We promised ourselves that we would find a new name for the Sick One, as an act of atonement, after Kosawa regained its freedom. It would be a great name, a name we might even be proud to share with him if we were to happen upon him at a place and time when he no longer had any power over us.
We never did get the opportunity to come up with this new name, for he died on Woja Beki’s bed while we were at school. He died in our collective arms.
* * *
OUR FATHERS’ TIME IN OUR huts that evening was brief—after returning from the forest, they hurriedly ate and bathed and left for Woja Beki’s house, to spend the night with him in his parlor; they couldn’t leave him alone with the remains of a stranger. Even if Woja Beki was no longer fully one of us, he still was our blood, and our fathers could never punish him and his family by leaving them to sit by themselves beside a withering corpse.
Our mothers gave our fathers fruit bowls so they would have something cool to eat during the long, hot night ahead of them. As they bade us good night and stepped outside with stools and their bags of nourishment to walk over to Woja Beki’s house, our fathers appeared older and sadder than we could recall. We’d never seen them look so lost, so confused. Only when we became older, only when we got close to the ages they were during that period, did we realize that what they bore on their faces that night wasn’t grief at the Sick One’s death but the deepest sort of dread, not for themselves, not for what would befall them now that a man had died by their doing, but for us, their children, for the ways in which we would suffer for what they’d tried to do for us. Only when we became parents did we realize how we could harm our children in an attempt to clean out for them the smothering decay of this world.
* * *
—
We imagined that our fathers sat in silence around the body all night.
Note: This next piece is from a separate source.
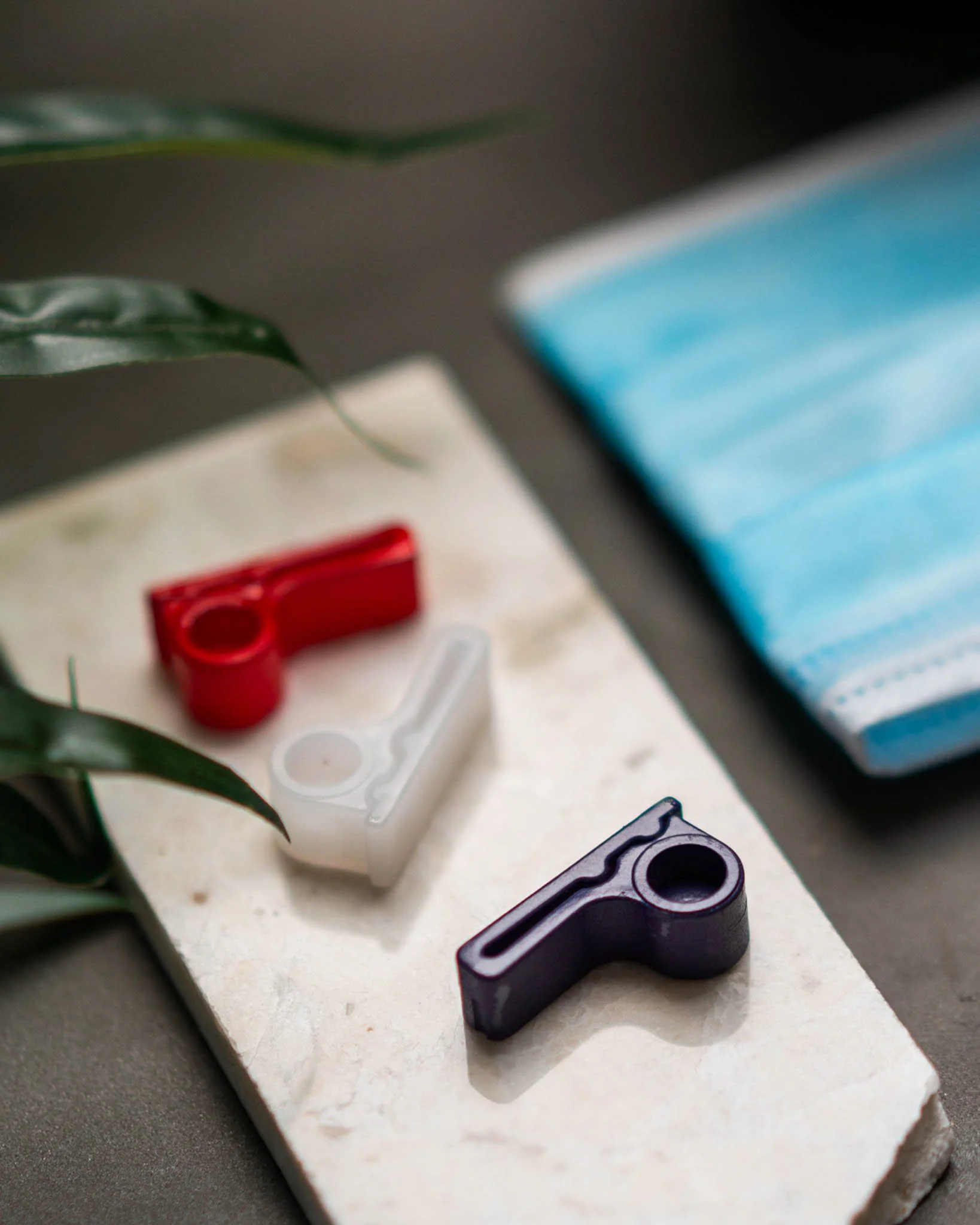 Three small, colored, camera-shaped objects in red, white, and black are arranged on a beige stone tile, with a plant and a blue face mask in the background.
Not knowing the custom of the dead man’s ancestral village, not knowing the best way to handle his remains, meant nothing could be said to it all night—our fathers wouldn’t dare wrong the corpse of a stranger. If the Sick One were from Kosawa, there would have been singing around him all night, every able-bodied adult present. Jakani and Sakani would have cut off all his hair, and his nails too, which they would burn, the ashes of which they would take to do something we would never know. For this stranger, none of this could be done—his spirit could obey the laws of his land and no other laws. So, in silence, sitting on their stools, our fathers must have waited for the hours to pass, allowing the dead man’s spirit to leave his body fully and go where it needed to. When a touch confirmed that his body had lost all its warmth, evidence that his spirit was gone, Woja Beki and the men must have started the conversation on what to do with the body.